More lighthearted than I’d been for some time, I contemplated my Company Commander, who was in undisputed occupation of a horse which looked scarcely up to his weight. Captain Leake had begun by being rude to me. I never discovered the reason. But he had been a Special Reserve officer before the War, and he couldn’t get certain regimental traditions out of his head. In the good old days, all second-lieutenants had been called “warts,” and for their first six months a senior officer never spoke to them, except on parade. Leake evidently liked the idea, for he was a man who enjoyed standing on his dignity; but such behaviour was inappropriate to active service, and six months at the Front usually sufficed to finish the career of a second-lieutenant. On my second morning at Camp 13 Leake had remarked (for my special benefit) that “these newly-joined warts were getting too big for their boots.” This was incorrect, for I was bemoaning the loss of my valise, and the M.O. had just given me my anti-typhoid injection. Leake also resented the fact that I had served with the First Battalion, which he appeared to regard as a hated rival. He thawed gradually after my first week, and was now verging on cordiality, which I did my best to encourage. The other Company Commanders had been friendly from the first, for I had known them at Clitherland in 1915.
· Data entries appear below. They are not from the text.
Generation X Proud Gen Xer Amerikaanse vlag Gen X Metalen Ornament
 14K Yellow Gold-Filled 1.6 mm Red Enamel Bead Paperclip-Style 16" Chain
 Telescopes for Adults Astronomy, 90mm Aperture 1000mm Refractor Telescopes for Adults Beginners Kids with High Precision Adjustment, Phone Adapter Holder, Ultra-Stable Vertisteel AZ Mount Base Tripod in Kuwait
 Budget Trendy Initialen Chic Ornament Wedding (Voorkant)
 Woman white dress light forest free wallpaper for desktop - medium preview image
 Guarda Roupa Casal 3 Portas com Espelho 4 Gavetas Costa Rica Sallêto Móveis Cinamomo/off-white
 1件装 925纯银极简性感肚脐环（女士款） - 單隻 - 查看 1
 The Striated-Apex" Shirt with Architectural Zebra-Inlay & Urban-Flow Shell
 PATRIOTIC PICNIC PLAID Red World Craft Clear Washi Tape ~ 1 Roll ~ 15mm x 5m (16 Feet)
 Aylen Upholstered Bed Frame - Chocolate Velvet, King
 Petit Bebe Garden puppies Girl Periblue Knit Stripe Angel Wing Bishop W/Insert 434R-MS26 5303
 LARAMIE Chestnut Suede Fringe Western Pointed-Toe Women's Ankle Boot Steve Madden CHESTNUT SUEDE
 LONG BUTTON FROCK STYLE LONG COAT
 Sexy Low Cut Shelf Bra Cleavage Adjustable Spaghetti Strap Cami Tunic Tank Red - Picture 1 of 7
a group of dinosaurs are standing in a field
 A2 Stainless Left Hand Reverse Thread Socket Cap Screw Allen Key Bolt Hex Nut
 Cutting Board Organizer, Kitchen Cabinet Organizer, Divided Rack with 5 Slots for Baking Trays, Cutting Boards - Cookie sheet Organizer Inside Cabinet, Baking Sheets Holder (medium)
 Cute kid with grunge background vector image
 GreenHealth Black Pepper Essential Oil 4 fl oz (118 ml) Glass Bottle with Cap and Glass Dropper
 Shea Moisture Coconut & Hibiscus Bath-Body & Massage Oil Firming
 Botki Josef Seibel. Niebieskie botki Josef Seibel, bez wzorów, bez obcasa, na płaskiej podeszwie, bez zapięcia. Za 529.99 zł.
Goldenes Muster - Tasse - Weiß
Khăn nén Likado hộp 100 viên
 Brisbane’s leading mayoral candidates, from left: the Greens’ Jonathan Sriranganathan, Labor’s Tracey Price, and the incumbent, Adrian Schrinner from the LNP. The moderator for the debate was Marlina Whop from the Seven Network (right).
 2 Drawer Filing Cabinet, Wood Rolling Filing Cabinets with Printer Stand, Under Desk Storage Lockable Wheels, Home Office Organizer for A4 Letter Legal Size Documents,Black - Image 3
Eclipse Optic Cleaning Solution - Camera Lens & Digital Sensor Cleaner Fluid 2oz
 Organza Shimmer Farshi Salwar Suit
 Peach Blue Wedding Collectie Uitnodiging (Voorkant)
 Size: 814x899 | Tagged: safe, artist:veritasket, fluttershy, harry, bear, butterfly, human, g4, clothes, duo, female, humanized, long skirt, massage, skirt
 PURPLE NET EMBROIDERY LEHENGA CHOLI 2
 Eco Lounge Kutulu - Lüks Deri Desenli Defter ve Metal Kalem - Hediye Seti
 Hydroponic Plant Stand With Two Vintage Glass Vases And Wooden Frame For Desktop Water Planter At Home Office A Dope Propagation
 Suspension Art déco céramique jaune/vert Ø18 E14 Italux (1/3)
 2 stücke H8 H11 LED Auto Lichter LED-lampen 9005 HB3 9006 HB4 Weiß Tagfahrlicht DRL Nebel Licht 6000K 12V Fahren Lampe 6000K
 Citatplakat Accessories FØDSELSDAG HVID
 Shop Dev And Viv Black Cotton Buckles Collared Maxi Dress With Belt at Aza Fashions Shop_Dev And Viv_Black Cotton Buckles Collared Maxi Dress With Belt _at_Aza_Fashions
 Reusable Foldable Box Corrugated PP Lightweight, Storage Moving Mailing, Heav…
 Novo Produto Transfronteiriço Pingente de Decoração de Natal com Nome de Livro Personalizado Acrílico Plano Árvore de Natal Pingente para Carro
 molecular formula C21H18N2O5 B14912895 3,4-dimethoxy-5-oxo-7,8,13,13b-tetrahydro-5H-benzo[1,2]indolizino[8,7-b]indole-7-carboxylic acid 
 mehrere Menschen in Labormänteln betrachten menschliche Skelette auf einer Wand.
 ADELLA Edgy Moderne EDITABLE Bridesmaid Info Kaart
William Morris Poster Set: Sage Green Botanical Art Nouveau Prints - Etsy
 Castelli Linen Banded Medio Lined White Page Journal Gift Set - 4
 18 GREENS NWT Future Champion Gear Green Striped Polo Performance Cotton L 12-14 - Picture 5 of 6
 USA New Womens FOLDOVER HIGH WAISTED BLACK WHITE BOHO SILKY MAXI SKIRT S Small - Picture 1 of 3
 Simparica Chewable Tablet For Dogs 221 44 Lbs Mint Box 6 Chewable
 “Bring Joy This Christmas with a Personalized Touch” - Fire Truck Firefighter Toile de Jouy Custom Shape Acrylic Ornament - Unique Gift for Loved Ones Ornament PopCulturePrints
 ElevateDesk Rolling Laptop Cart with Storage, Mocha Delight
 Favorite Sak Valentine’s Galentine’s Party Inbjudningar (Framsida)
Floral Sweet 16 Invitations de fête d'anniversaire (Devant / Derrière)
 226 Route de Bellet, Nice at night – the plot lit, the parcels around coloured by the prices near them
Then there was the Doctor, who was now away on leave but would certainly be back before things became lively. Captain Munro had been with the Second Battalion about eighteen months. The first time I saw him was when he gave me my anti-typhoid injection. I looked at him with interest, for he was already known to me by reputation. “Hullo, here’s Sherston, the man who did stunts with the First Battalion,” he remarked, as I unbuttoned my shirt for the perforation process. He was giving double injections, so as to save us the trouble of feeling unwell twice. “That’ll keep you quiet for forty-eight hours,” he observed; and I retired, with a sickly grin. The M.O. was a famous character in the Battalion, and I was hoping to get to know him better. (At the time of writing I can indeed claim to have achieved my hope. But the Doctor is a man averse to the idea of being applauded in print, and he would regard any reference to his local renown as irrelevant to this narrative.)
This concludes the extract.